Il ne sert à rien d'affronter la meute en déclarant courageusement que les déboutés du droit d'asile doivent être reconduits dans leur pays, si pour se faire pardonner on produit et l'on diffuse ensuite à chaque crise migratoire de longs communiqués dont la leçon finale semble être qu'il faut laisser entrer tout le monde. Il ne faut pas assumer la ligne Marchais à moitié. Et on ne peut pas briser la glace dans les médias avec des déclarations-parapluies consensuelles qui pourraient être contresignées par n'importe qui à gauche de Marine Le Pen.
En fait, beaucoup de militants n'ont pas l'air de comprendre que l'ennemi principal c'est Macron, et non pas Marine Le Pen ou Zemmour.
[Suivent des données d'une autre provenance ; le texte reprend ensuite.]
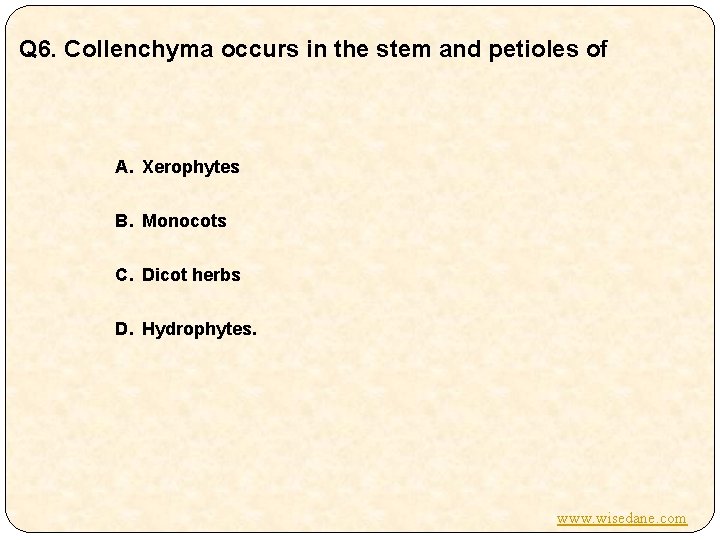 Q 6. Collenchyma occurs in the stem and petioles of A. Xerophytes B. Monocots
D'ailleurs, si j'étais partisan d'ouvrir grand les frontières et d’accueillir systématiquement tous les réfugiés, sachant que cette position est extrêmement impopulaire dans les classes populaires, je me garderais bien de le claironner et j'attendrais d'être arrivé au pouvoir pour mettre en pratique mes bonnes intentions. Et c'est pas comme ça qu'on va y arriver, au pouvoir
Il est contreproductif sur tous les plans de croire qu'on peut combattre Zemmour en proposant sa mise hors la loi pour racisme, ce qui n'aura pas lieu de toute manière ! Cela donne l'impression qu'on n'a pas d'argument solide à lui opposer. Il fallait débattre contre lui pour récupérer une partie de sa notoriété, puisque soi-disant Roussel en manque. Ce n'est pas au bouffon du moment qu'il faut couper la chique parce qu'il y en aura toujours un autre, c'est aux milliardaires qui contrôlent les médias. Mais on est obligé pour le moment de passer dans les mêmes médias.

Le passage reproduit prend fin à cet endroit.